#### Exercise description:
From the first line of the material to the line containing "Download Patricia Mock", inclusive, write out each line exactly, leaving out the pictures.

= = = = =

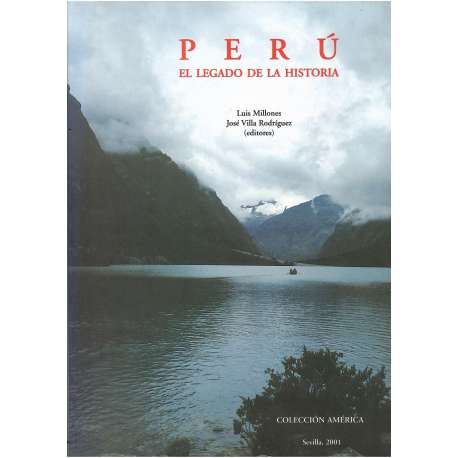 Perú. El legado de la historia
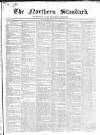 Northern Standard Saturday 27 January 1844 Page 1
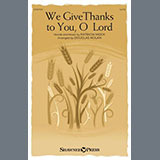 Download Patricia Mock We Give Thanks To You, O Lord (arr. Douglas Nolan) sheet music and printable PDF music notes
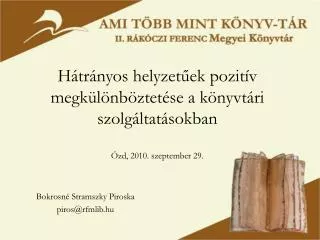 h tr nyos helyzet ek pozit v megk l nb ztet se a k nyvt ri szolg ltat sokban zd 2010 szeptember 29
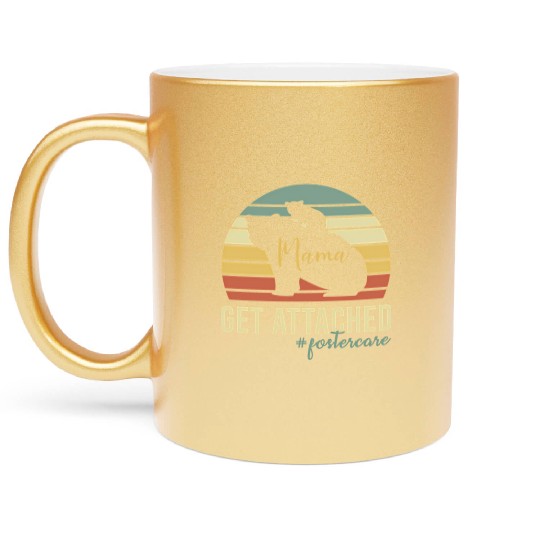 Get Attached Foster Care Mom Mama Bear Cub Metallic Mugs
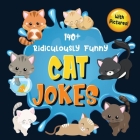 140+ Ridiculously Funny Cat Jokes: Hilarious & Silly Clean Cat Jokes for Kids So Terrible, Even Your Cat or Kitten Will Laugh Out Loud! (Funny Cat Gif Cover Image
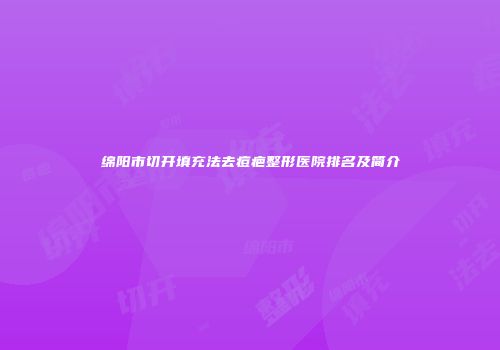 绵阳市切开填充法去痘疤整形医院排名及简介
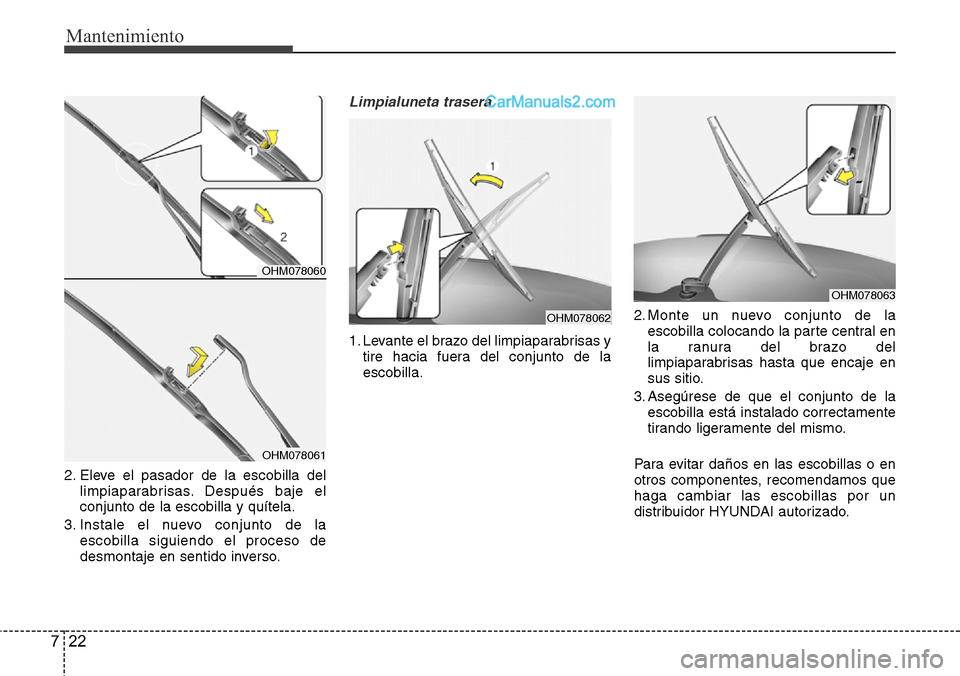 Hyundai Grand Santa Fe 2015 Manual del propietario (in Spanish) Mantenimiento
22 7
2. Eleve el pasador de la escobilla del
limpiaparabrisas. Después baje el
conjunto de la escobilla y quítela.
3. Instale el nuevo conjunto de la
escobilla siguiendo el proceso de
Hyundai Grand Santa Fe 2015 Manual del propietario (in Spanish) Mantenimiento
22 7
2. Eleve el pasador de la escobilla del
limpiaparabrisas. Después baje el
conjunto de la escobilla y quítela.
3. Instale el nuevo conjunto de la
escobilla siguiendo el proceso de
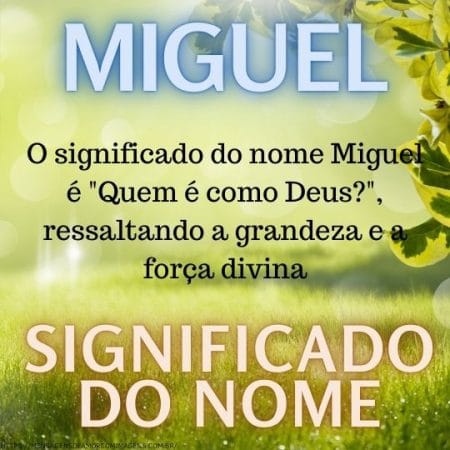 O significado do nome Miguel é "Quem é como Deus?", ressaltando a grandeza e a força divina.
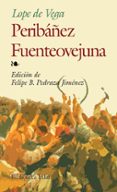 peribañez y el comendador de ocaña; fuenteovejuna-felix lope de vega-9788441413702 peribañez y el comendador de ocaña; fuenteovejuna-felix lope de vega-9788441413702
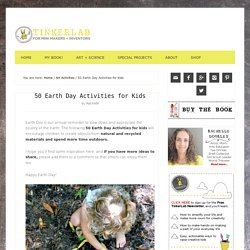 50 Earth Day Activities for Kids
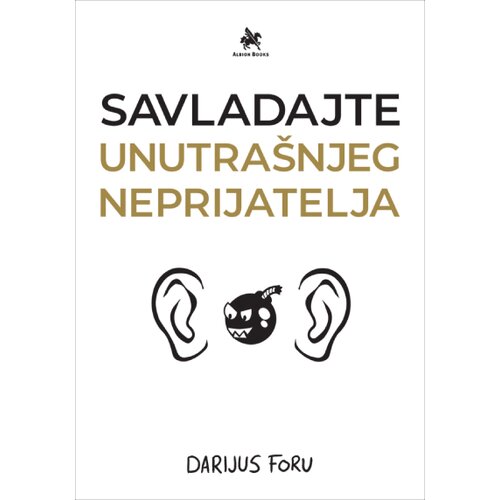  Savladajte unutrašnjeg neprijatelja Cene
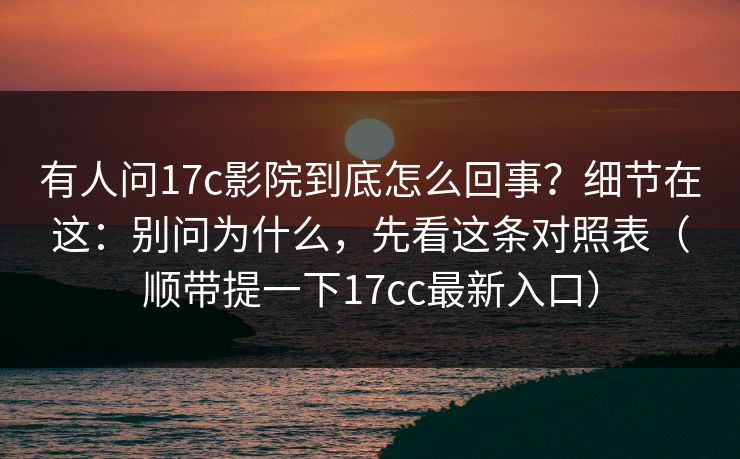 有人问17c影院到底怎么回事？细节在这：别问为什么，先看这条对照表（顺带提一下17cc最新入口）
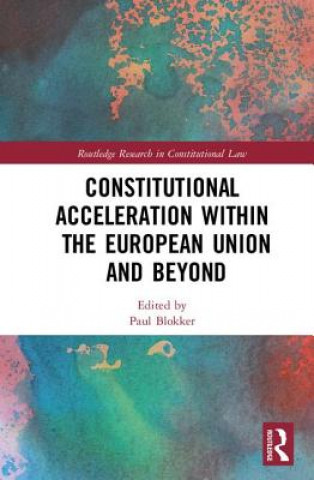 Kniha Constitutional Acceleration within the European Union and Beyond 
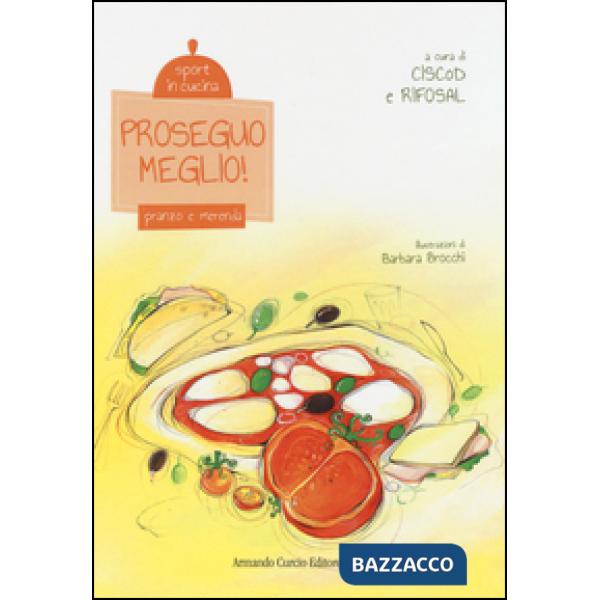 Proseguo meglio! Pranzo e merenda. Sport in cucina. Ediz. illustrata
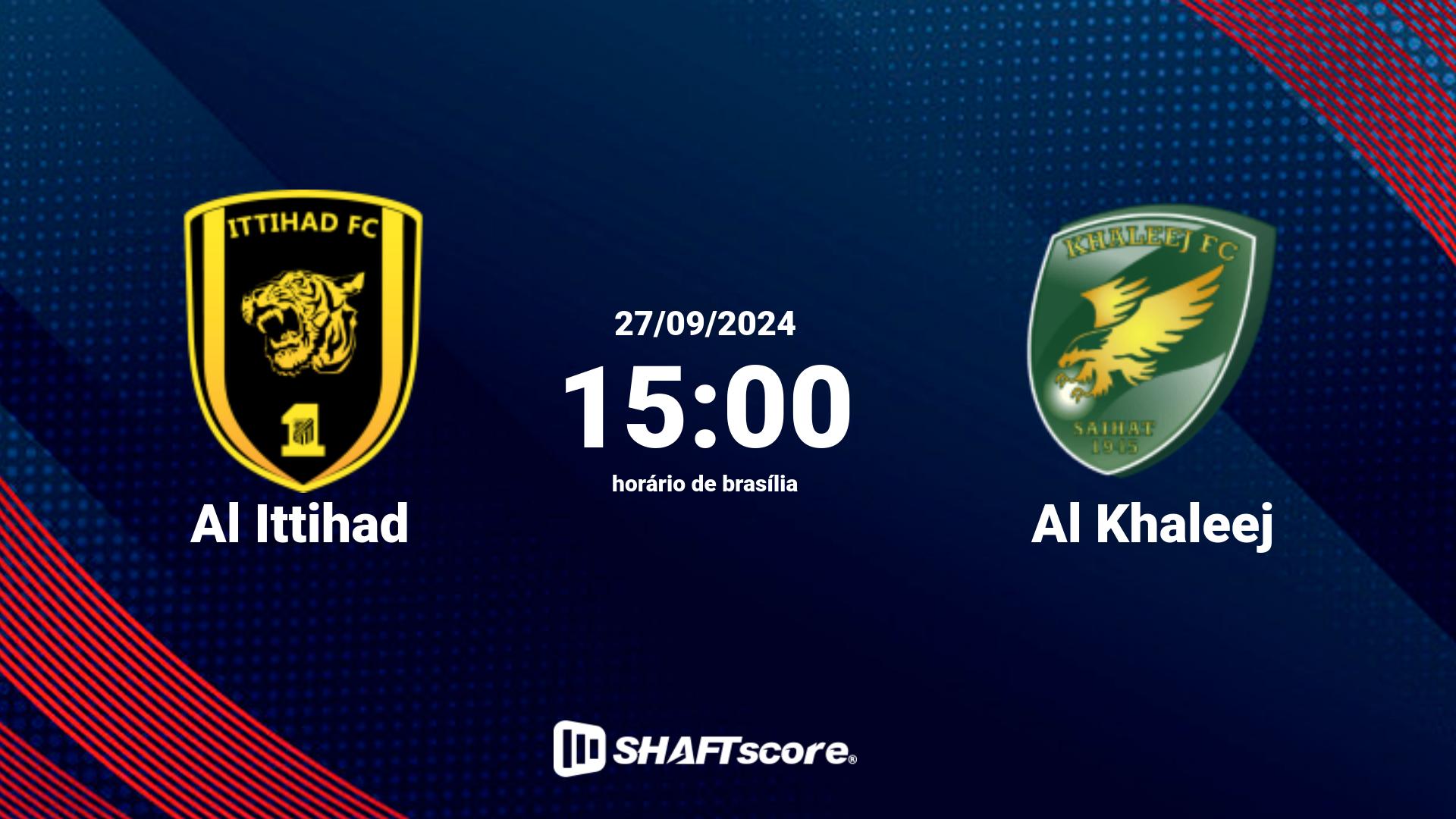 Estatísticas do jogo Al Ittihad vs Al Khaleej 27.09 15:00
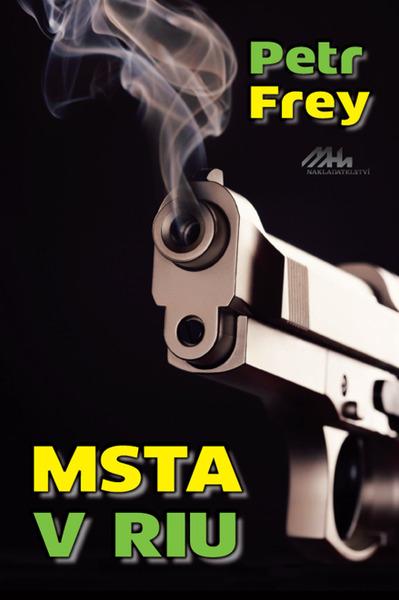 Msta v Riu - 9788088363620
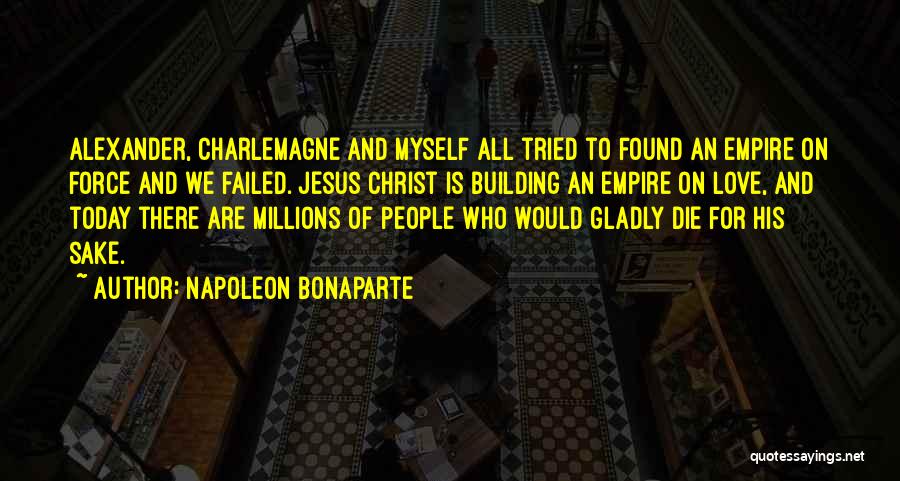 Building My Empire Quotes By Napoleon Bonaparte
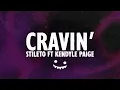 Download Lagu Stileto - Cravin' (feat. Kendyle Paige) (Lyric Video)
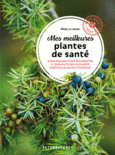 Couverture Mes meilleures plantes de santé ()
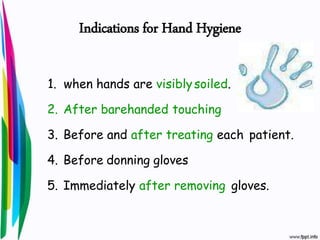 Indications for Hand Hygiene
1. when hands are visiblysoiled.
2. After barehanded touching
3. Before and after treating each patient.
4. Before donning gloves
5. Immediately after removing gloves.
 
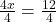 \frac{4x}{4}=\frac{12}{4}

= = = = =

#### Finished exercise:
 Perú. El legado de la historia
 Northern Standard Saturday 27 January 1844 Page 1
 Download Patricia Mock We Give Thanks To You, O Lord (arr. Douglas Nolan) sheet music and printable PDF music notes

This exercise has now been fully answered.